- [EXERCISE DIRECTIONS]
Could the listing below be reproduced exactly, minus its pictures?
[[ EXERCISE DATA open ]]
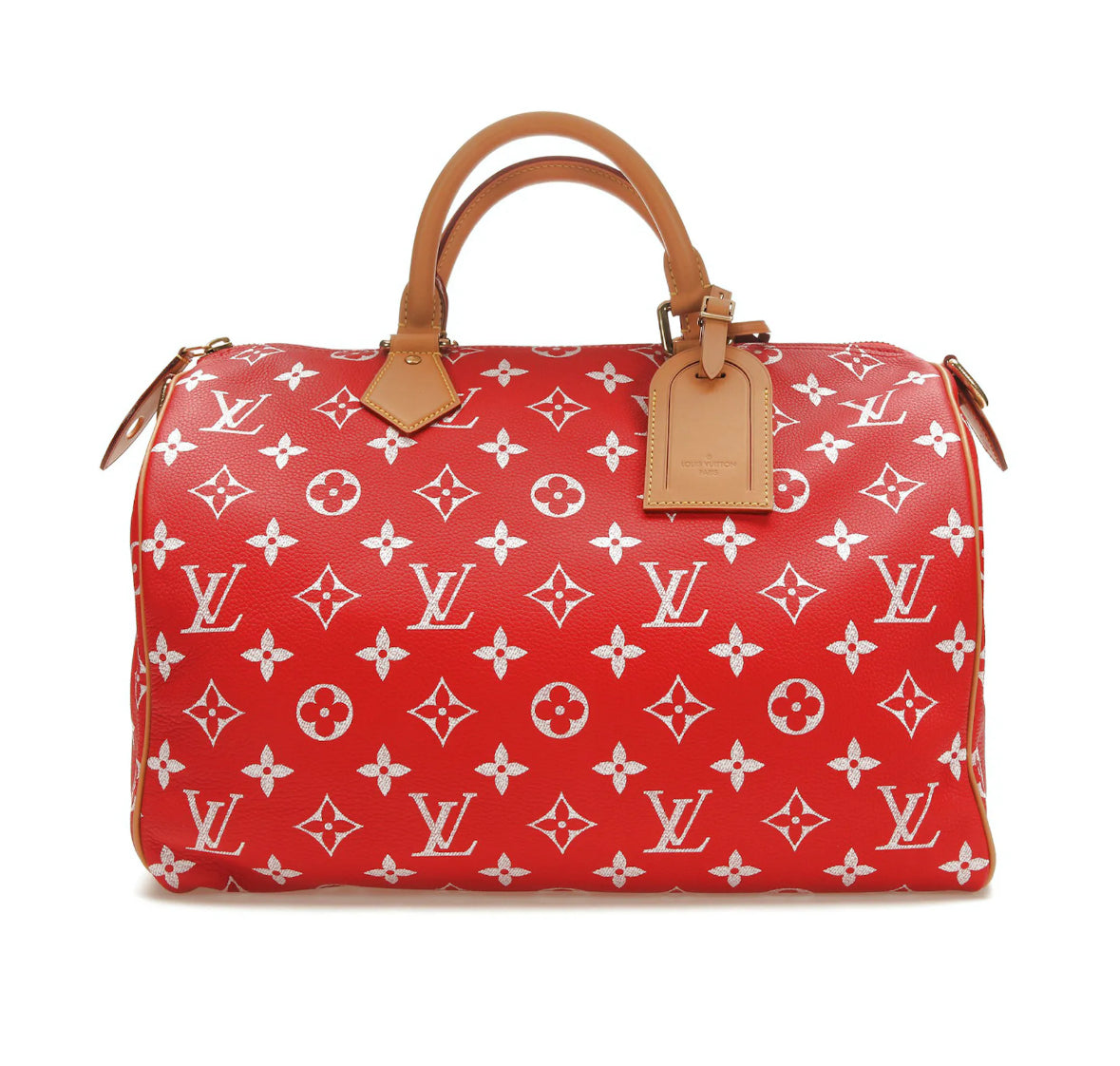 Louis Vuitton Speedy P9 Bandoulière 40 Red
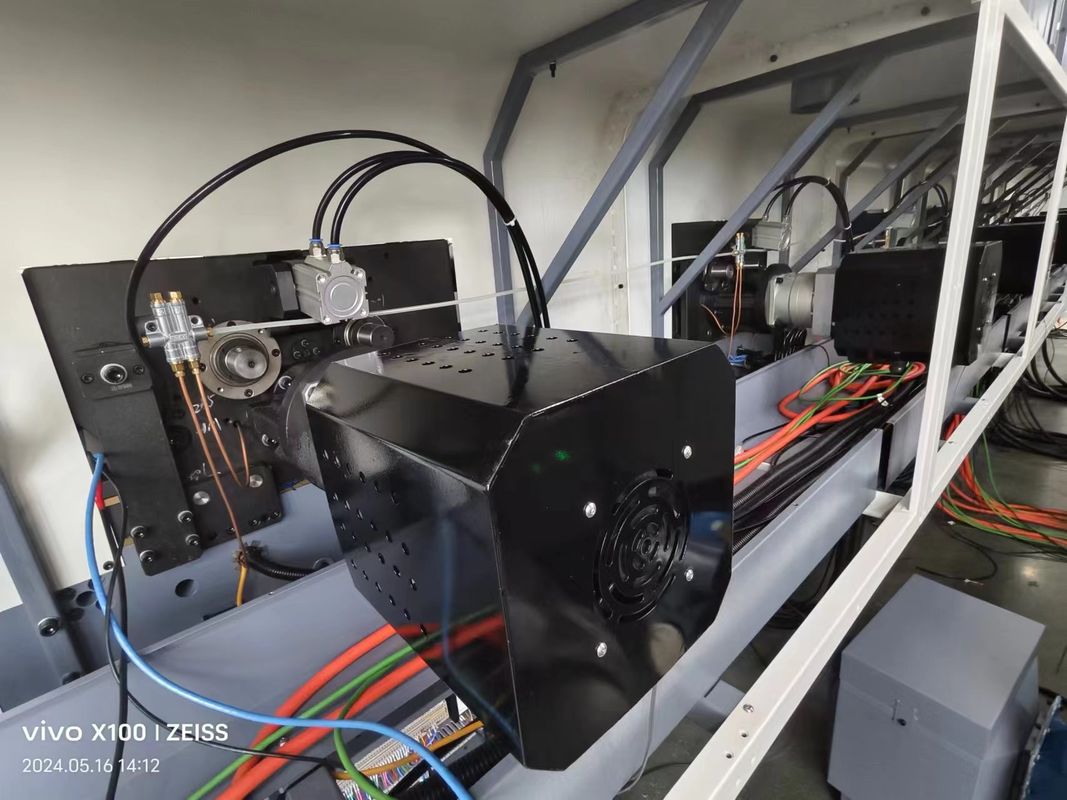 Machine d'impression à manches flexibles contrôlée par PLC avec une largeur d'impression maximale de 1000 mm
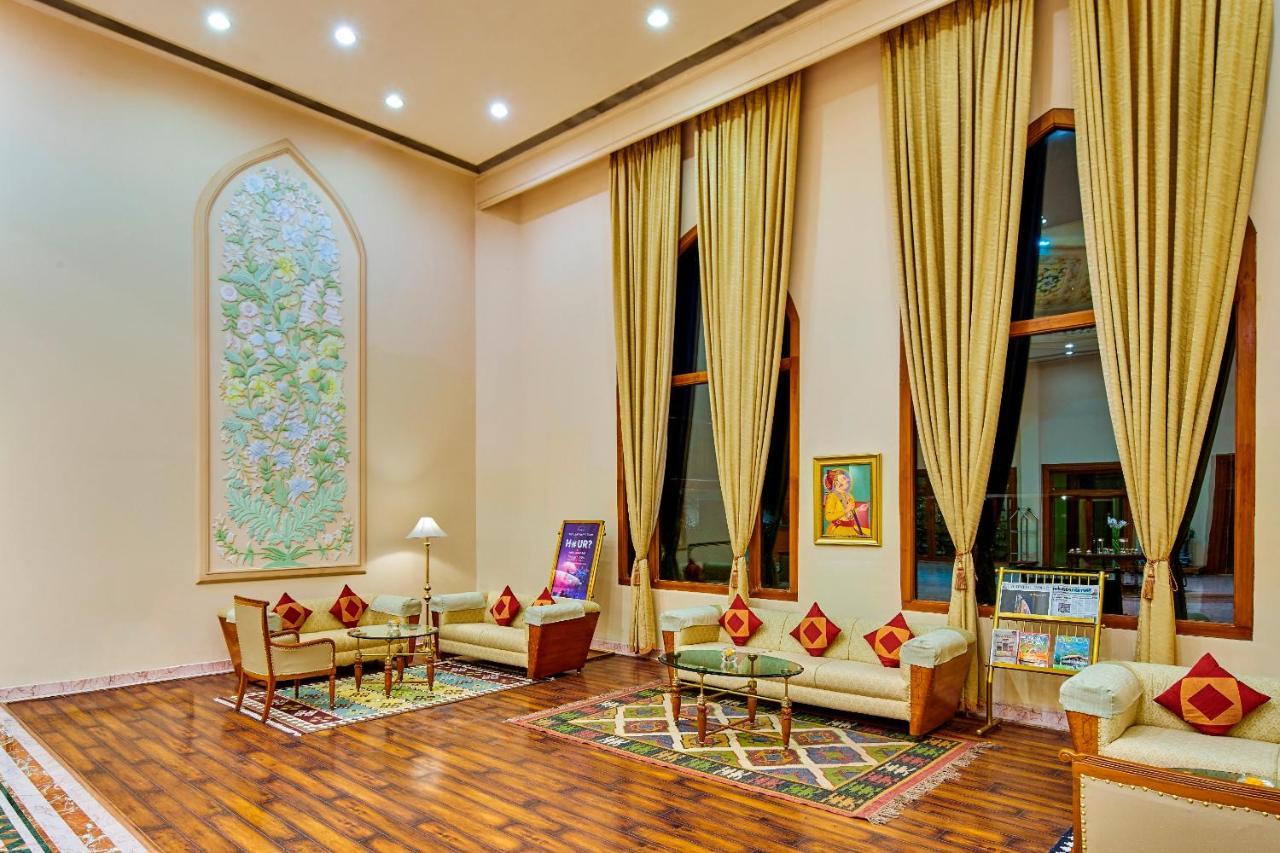 The Ummed Jodhpur Palace Resort & Spa Екстериор снимка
[[ EXERCISE DATA closed ]]
- [SOLUTION TO THIS EXERCISE]
 Louis Vuitton Speedy P9 Bandoulière 40 Red
 Machine d'impression à manches flexibles contrôlée par PLC avec une largeur d'impression maximale de 1000 mm
 The Ummed Jodhpur Palace Resort & Spa Екстериор снимка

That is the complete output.